On Tue, 2010-09-14 at 17:42 +0100, Jeremy Fitzhardinge wrote: 
> On 09/14/2010 02:07 AM, Ian Campbell wrote:
> > On Mon, 2010-09-13 at 23:51 +0100, Jeremy Fitzhardinge wrote:
> >> On 09/13/2010 02:17 PM, Dan Magenheimer wrote:
> >>>> As a side-effect, it also works for dom0.  If you set dom0_mem on the
> >>>> Xen command line, then nr_pages is limited to that value, but the
> >>>> kernel
> >>>> can still see the system's real E820 map, and therefore adds all the
> >>>> system's memory to its own balloon driver, potentially allowing dom0 to
> >>>> expand up to take all physical memory.
> >>>>
> >>>> However, this may caused bad side-effects if your system memory is much
> >>>> larger than your dom0_mem, especially if you use a 32-bit dom0.  I may
> >>>> need to add a kernel command line option to limit the max initial
> >>>> balloon size to mitigate this...
> >>> I would call this dom0 functionality a bug.  I think both Citrix
> >>> and Oracle use dom0_mem as a normal boot option for every
> >>> installation and, while I think both employ heuristics to choose
> >>> a larger dom0_mem for larger physical memory, I don't think it
> >>> grows large enough for, say, >256GB physical memory, to accommodate
> >>> the necessarily large number of page tables.
> >>>
> >>> So, I'd vote for NOT allowing dom0 to balloon up to physical
> >>> memory if dom0_mem is specified, and possibly a kernel command
> >>> line option that allows it to grow beyond.  Or, possibly, no
> >>> option and never allow dom0 memory to grow beyond dom0_mem
> >>> unless (possibly) it grows with hot-plug.
> >> Yes, its a bit of a problem.  The trouble is that the kernel can't
> >> really distinguish the two cases; either way, it sees a Xen-supplied
> >> xen_start_info->nr_pages as the amount of initial memory available, and
> >> an E820 table referring to more RAM beyond that.
> >>
> >> I guess there are three options:
> >>
> >>    1. add a "xen_maxmem" (or something) kernel parameter to override
> >>       space specified in the E820 table
> >>    2. ignore E820 if its a privileged domain
> > As it stands I don't think it is currently possible to boot any domain 0
> > kernel pre-ballooned other than by using the native mem= option.
> >
> > I think the Right Thing to do would be for privileged domains to combine
> > the results of XENMEM_machine_memory_map (real e820) and
> > XENMEM_memory_map (pseudo-physical "e820") by clamping the result of
> > XENMEM_machine_memory_map at the maximum given in XENMEM_memory_map (or
> > taking some sort of union).
> Does the dom0 domain builder bother to set a pseudo-phys E820?

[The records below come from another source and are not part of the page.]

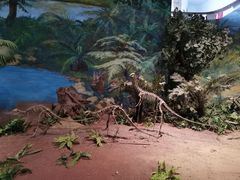 -自贡恐龙博物馆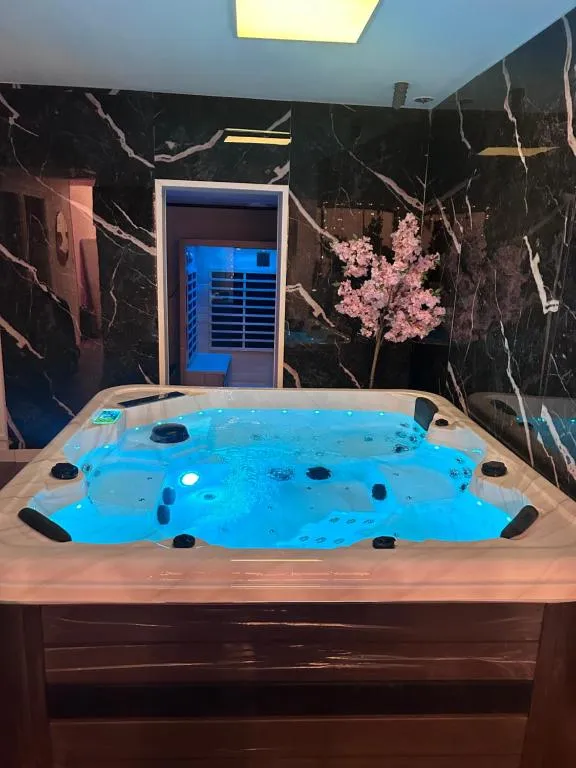 Maison Dream Spa à Portet-sur-Garonne, photo 6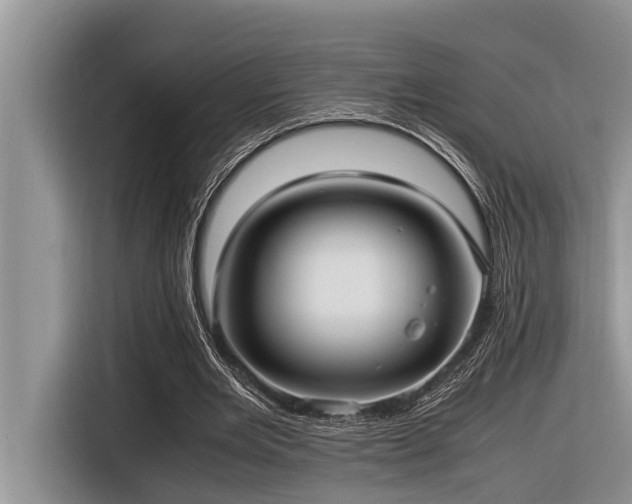 X0000116420485200912081507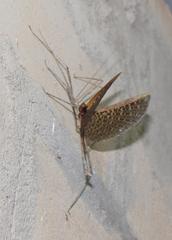 Bactrododema haworthii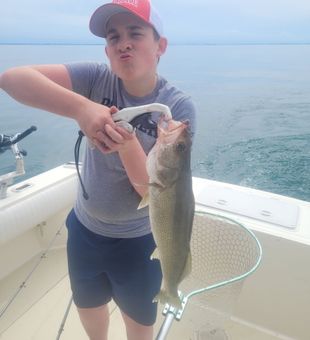 Nice walleye from Lakeside Marblehead OH waters!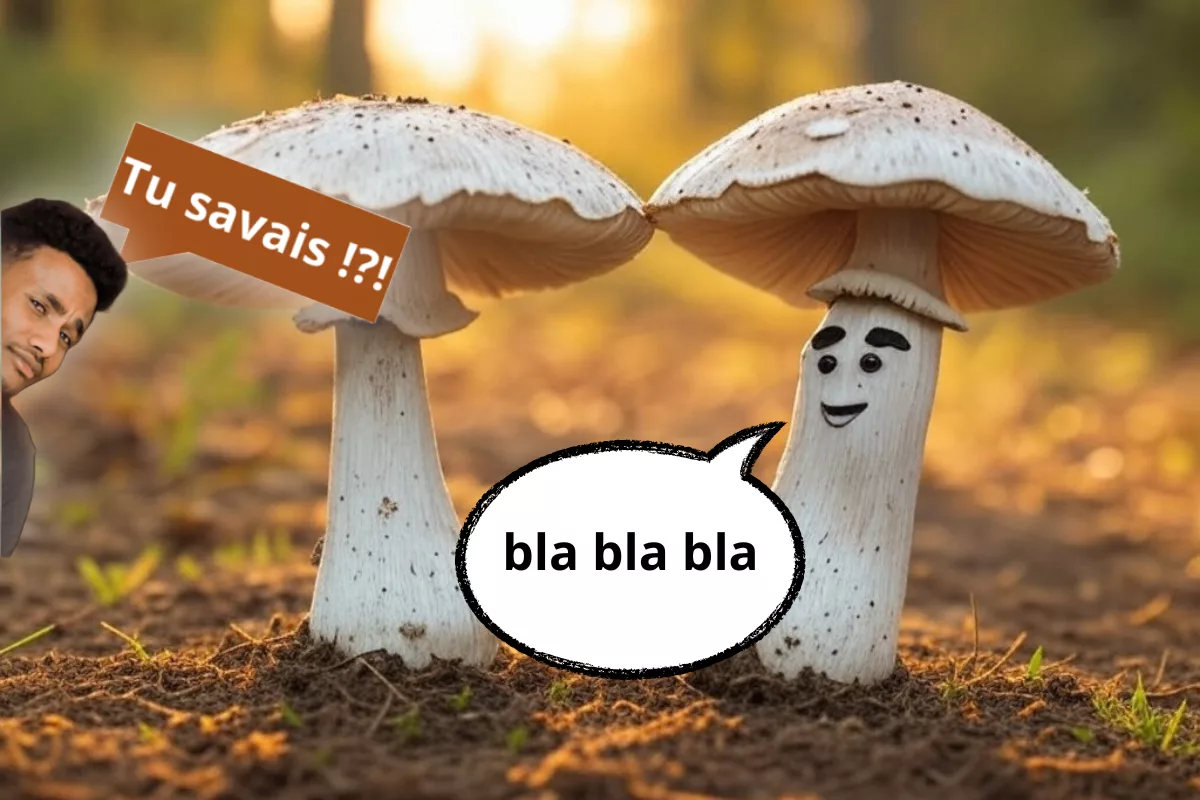 Une expérience révèle un vocabulaire surprenant chez les champignons.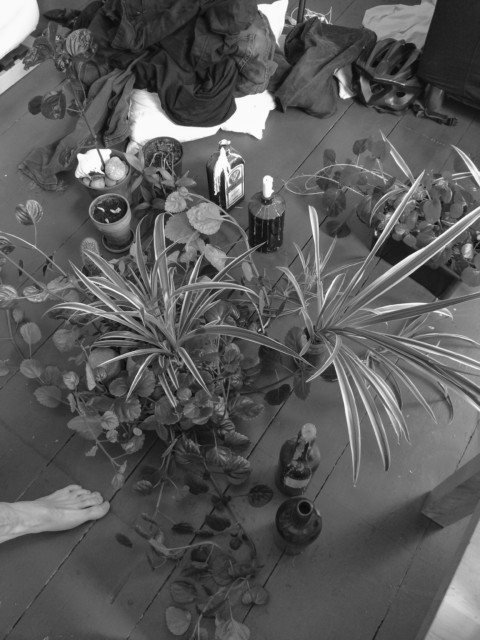 Die Kunst des Comebacks – 7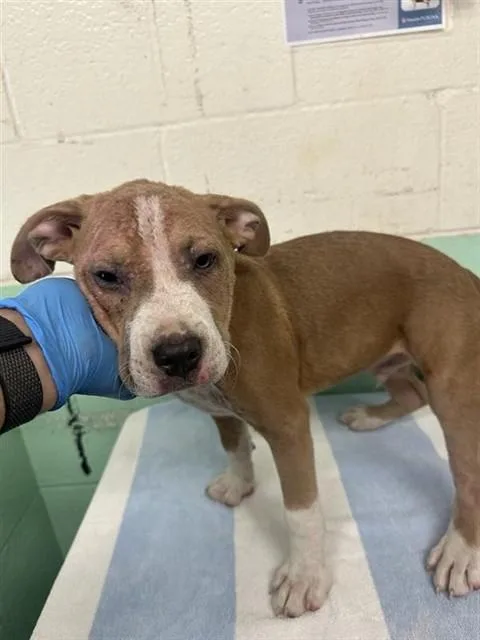 A baby small-sized male Pit Bull Terrier dog named Alucard for adoption in Sacramento, CA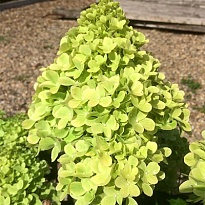 Гортензия мет. Мохито/Цв.Кор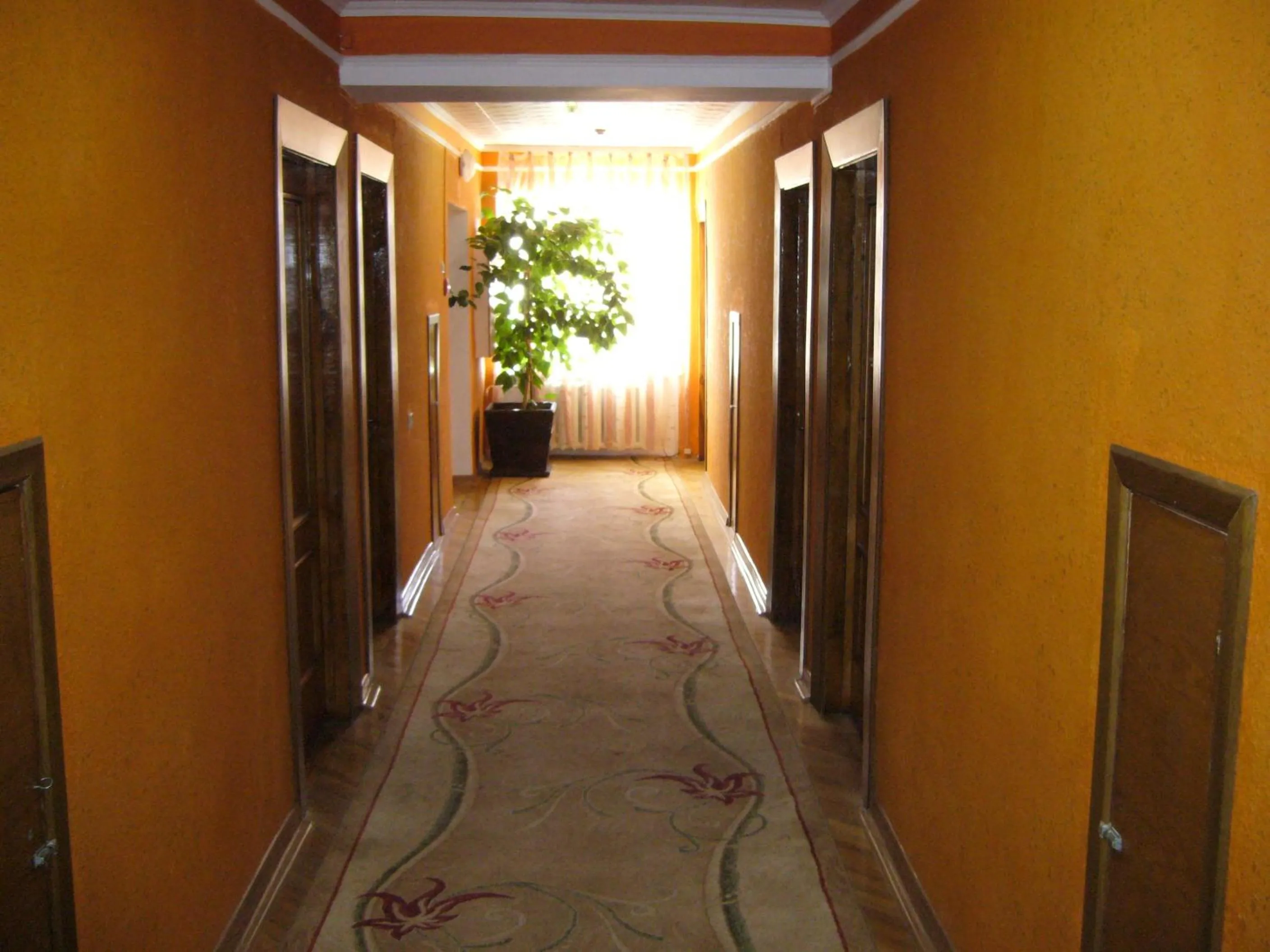 Hotel Profspilkovyi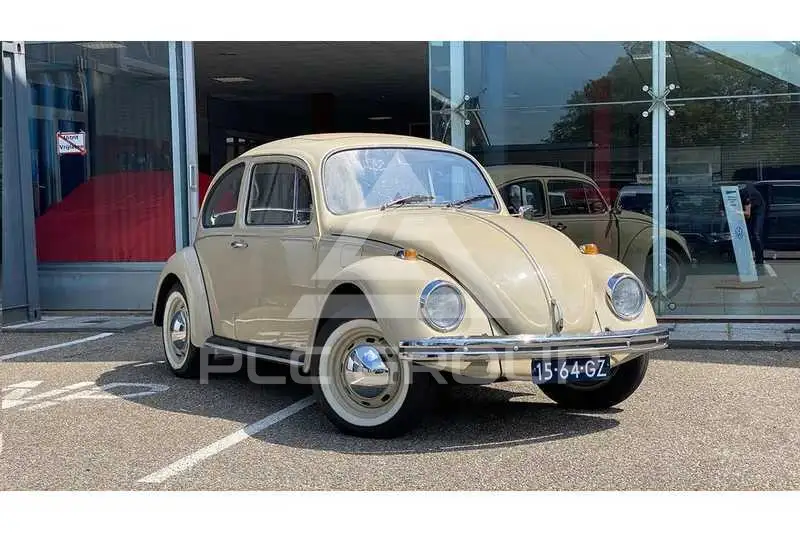1969 Volkswagen BEETLE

I thought the default with XENMEM_memory_map was to construct a fake
0..startinfo->nr_pages size e820, which would have been sensible, but it
turns out that's not what happens. In fact XENMEM_memory_map will return
ENOSYS in that case and guests are expected to construct the fake e820

> > However, although I think that the Right Thing, I don't think having
> > domain 0 cut off its e820 at nr_pages unless overridden by mem= would be
> > a problem in practice and it certainly wins in terms of complexity of
> > reconciling XENMEM_memory_map and XENMEM_machine_memory_map.
> Indeed.  I think adding general 32x limit between base and max size will
> prevent a completely unusable system, and then just suggest using mem=
> to control that more precisely (esp for dom0).

Sounds reasonable.